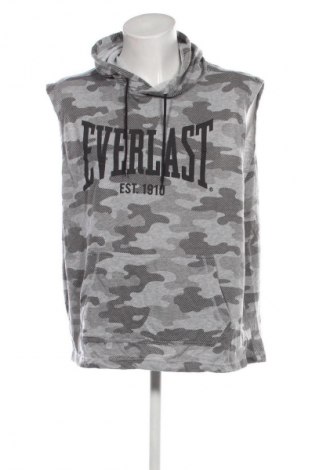 Hanorac de bărbați Everlast, Mărime XXL, Culoare Multicolor, Preț 134,99 Lei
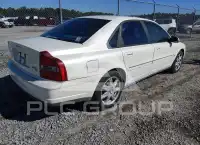 2002 Volvo S80 фото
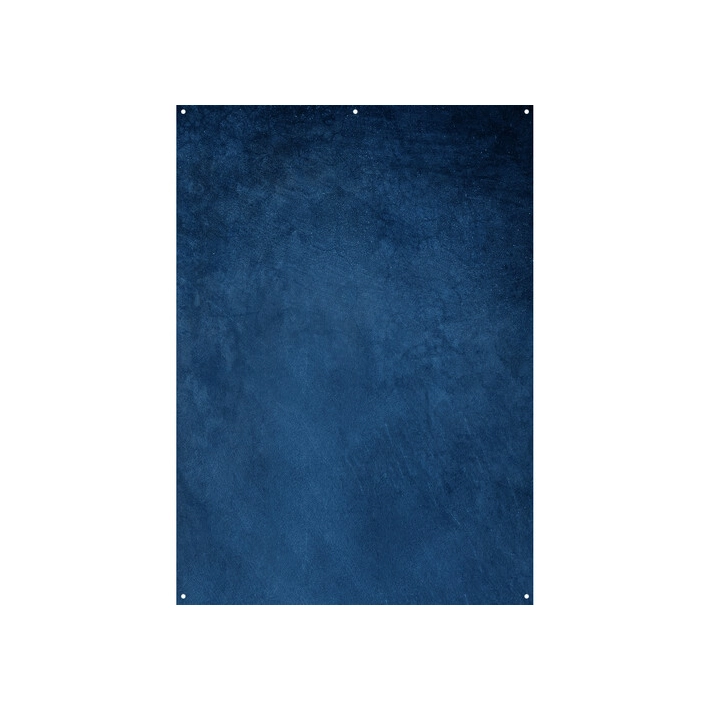 WESTCOTT X-DROP BACKDROP BLUE CONCRETE 1.5X2.1M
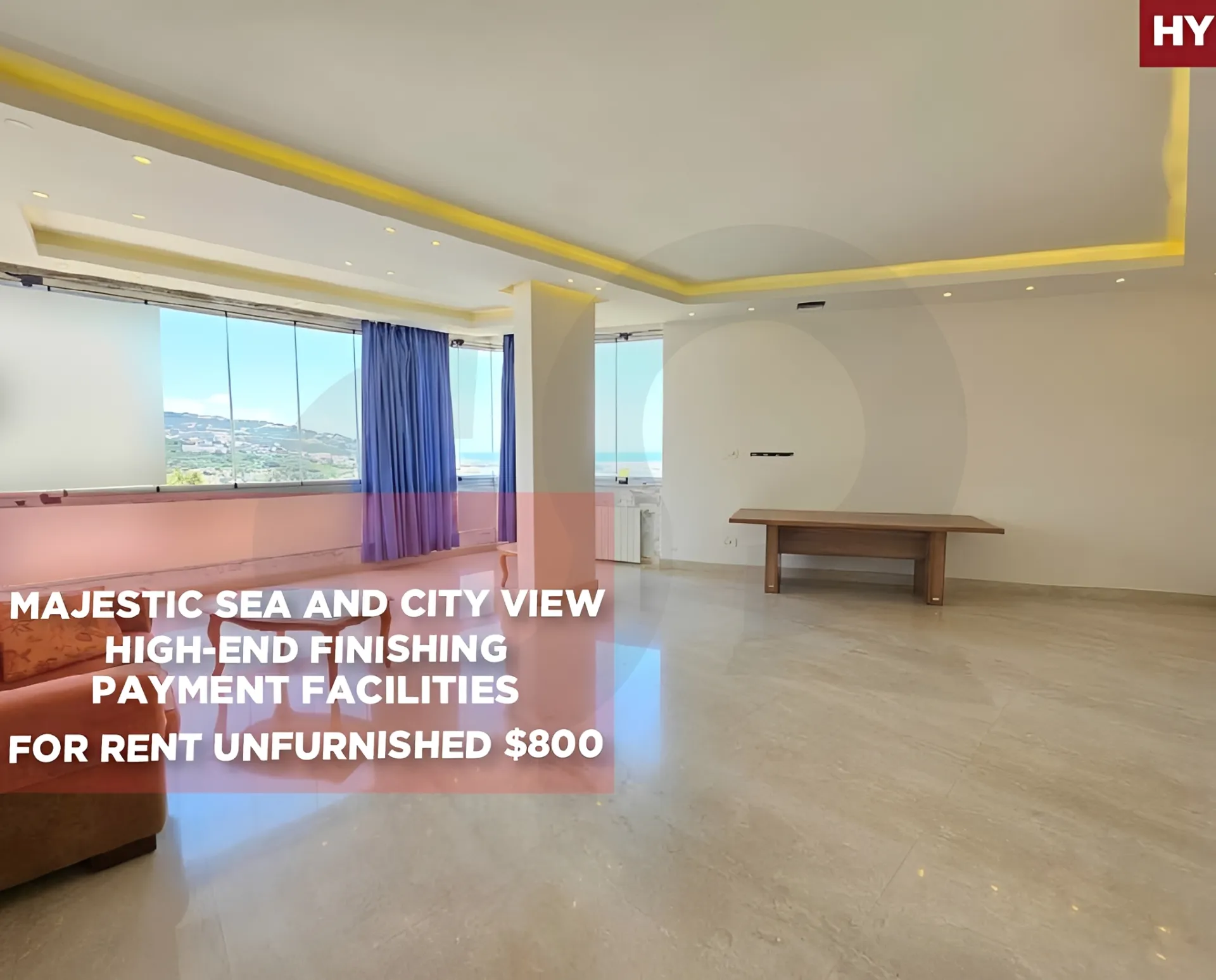 Apartment for Sale in Merdacheh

=======

Transcribe the full listing above exactly as it stands, minus the pictures.

 Hanorac de bărbați Everlast, Mărime XXL, Culoare Multicolor, Preț 134,99 Lei
 2002 Volvo S80 фото
 WESTCOTT X-DROP BACKDROP BLUE CONCRETE 1.5X2.1M
 Apartment for Sale in Merdacheh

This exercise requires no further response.